Replace inequalities in a dataframe with different types of elements in R

142 Views Asked by At

I have a dataframe that involves several columns, in which there are many instances where inequalities are present. What I would like to have, is an R script that will identify these inequalities and replace them with actual values. More specific, let's assume that we have "<2" and we want to replace it with its half value ("<2" -> 1.0). Is there a generic way to do it so that I do not need to find manually all the inequalities within the dataframe and replace them?

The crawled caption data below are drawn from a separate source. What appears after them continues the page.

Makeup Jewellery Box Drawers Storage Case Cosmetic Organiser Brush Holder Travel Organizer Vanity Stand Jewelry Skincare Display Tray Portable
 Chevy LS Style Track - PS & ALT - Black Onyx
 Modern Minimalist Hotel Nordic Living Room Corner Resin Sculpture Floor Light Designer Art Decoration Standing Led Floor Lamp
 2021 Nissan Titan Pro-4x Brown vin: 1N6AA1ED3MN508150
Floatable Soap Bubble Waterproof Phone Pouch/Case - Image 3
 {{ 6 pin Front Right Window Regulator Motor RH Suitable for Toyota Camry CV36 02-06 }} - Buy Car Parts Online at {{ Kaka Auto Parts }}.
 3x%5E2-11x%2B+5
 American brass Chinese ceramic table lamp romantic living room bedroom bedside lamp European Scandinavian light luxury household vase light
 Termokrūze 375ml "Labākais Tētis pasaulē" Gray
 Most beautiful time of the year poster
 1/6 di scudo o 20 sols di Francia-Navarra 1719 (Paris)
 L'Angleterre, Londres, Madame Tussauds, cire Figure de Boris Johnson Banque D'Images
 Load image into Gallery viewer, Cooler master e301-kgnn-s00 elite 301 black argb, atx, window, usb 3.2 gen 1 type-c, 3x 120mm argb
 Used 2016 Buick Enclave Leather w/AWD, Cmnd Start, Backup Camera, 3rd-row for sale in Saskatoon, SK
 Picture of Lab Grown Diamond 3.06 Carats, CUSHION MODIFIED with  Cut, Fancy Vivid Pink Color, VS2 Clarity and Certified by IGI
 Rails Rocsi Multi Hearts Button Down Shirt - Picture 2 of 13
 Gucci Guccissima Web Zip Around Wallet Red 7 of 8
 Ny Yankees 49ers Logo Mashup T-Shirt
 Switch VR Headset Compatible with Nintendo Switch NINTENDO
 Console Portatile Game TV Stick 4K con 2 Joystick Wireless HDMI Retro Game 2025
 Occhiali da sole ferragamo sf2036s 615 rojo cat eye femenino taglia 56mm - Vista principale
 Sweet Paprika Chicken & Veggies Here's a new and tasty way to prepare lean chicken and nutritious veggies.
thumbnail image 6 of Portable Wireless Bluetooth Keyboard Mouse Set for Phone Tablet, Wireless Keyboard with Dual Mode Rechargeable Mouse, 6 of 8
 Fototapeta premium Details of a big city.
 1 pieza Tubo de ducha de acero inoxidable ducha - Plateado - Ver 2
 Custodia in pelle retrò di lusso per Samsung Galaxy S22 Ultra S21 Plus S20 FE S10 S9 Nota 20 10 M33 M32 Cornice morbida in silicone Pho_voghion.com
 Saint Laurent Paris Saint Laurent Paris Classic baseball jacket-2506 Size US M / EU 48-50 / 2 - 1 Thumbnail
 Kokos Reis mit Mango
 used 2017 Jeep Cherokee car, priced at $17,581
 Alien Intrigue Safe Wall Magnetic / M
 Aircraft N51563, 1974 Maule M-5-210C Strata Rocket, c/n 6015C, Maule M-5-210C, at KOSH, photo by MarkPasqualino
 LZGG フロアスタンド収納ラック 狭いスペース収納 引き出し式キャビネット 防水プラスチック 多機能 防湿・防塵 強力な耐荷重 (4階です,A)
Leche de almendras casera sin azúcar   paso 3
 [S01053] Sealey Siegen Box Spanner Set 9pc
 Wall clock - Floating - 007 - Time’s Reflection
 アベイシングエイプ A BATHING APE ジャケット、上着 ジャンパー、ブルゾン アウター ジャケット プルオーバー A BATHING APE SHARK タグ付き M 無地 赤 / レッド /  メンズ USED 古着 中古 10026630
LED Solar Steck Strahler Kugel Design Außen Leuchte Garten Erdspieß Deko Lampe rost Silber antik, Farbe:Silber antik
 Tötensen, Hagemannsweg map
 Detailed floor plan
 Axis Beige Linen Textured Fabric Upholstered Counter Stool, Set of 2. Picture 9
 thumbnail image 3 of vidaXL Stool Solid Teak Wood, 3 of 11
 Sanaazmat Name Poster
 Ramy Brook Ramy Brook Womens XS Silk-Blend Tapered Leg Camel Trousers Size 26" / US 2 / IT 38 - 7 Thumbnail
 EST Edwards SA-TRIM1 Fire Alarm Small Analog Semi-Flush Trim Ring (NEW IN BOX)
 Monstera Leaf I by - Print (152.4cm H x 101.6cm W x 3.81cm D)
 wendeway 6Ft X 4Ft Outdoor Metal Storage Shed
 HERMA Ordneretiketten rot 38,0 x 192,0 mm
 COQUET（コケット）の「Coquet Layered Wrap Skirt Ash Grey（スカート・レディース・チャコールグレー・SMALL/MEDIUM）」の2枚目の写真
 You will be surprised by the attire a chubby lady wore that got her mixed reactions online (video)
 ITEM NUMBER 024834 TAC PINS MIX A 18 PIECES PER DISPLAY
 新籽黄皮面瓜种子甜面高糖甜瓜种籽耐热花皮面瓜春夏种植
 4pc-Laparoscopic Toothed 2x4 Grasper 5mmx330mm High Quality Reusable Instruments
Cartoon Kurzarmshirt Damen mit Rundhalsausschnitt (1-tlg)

A simple example might be the following:

Col1,Col2, Col3, Col4 
3.4, RHO_1, <5, NA 
2,   RHO_2,  5, 1.3

And I want to get something like this:

Col1,Col2,Col3,Col4 
3.4, RHO_1, 2.5, NA 
2,   RHO_2,  5, 1.3

When all elements are numeric values (e.g. use numeric values instead of RHO_1, RHO_2 and NA), the following command is working:

df <-  lapply(df, function(x) sapply(sub("<", "0.5*", x, fixed = TRUE),
                                function(y) eval(parse(text = y))))

However, the above command does not work in the presence of NA and strings (e.g. RHO_1). I have tried to find the location of the value-only elements after converting all non-values into NA using the following command:

value_ind<- which(!is.na(as.matrix(df)), arr.ind = TRUE, useNames = TRUE) 

but I did not manage to use this information successfully. For your information the actual dataframe df consists of many rows and columns.

1

There are 1 best solutions below

0
On BEST ANSWER

I have managed to fix the issue. I have obtained a subset of the original dataframe (here named dataBase2) so that it does not include characters (e.g. exclude RHO_1,). The reduced dataframe is named dataBase6. Then, I have converted other symbols (e.g. "-","_" etc) to NA, and then applied the function. Below I am giving the code from the actual dataset:

# names of the columns that I want to remove (contain character)
out <- c("Code-Medsal","Number","Code_National","Projection","date","Notes") 
dataBase6 <- dataBase2[, !(colnames(dataBase2) %in% out) ] 
#replace special symbols with NA
dataBase6[dataBase6=="-"] <- NA
#apply the function to the numeric values + NA
dataBase6[] <-  lapply(dataBase6, function(x) sapply(sub("<", "0.55*", x, fixed = TRUE),
                                  function(y) eval(parse(text = y))))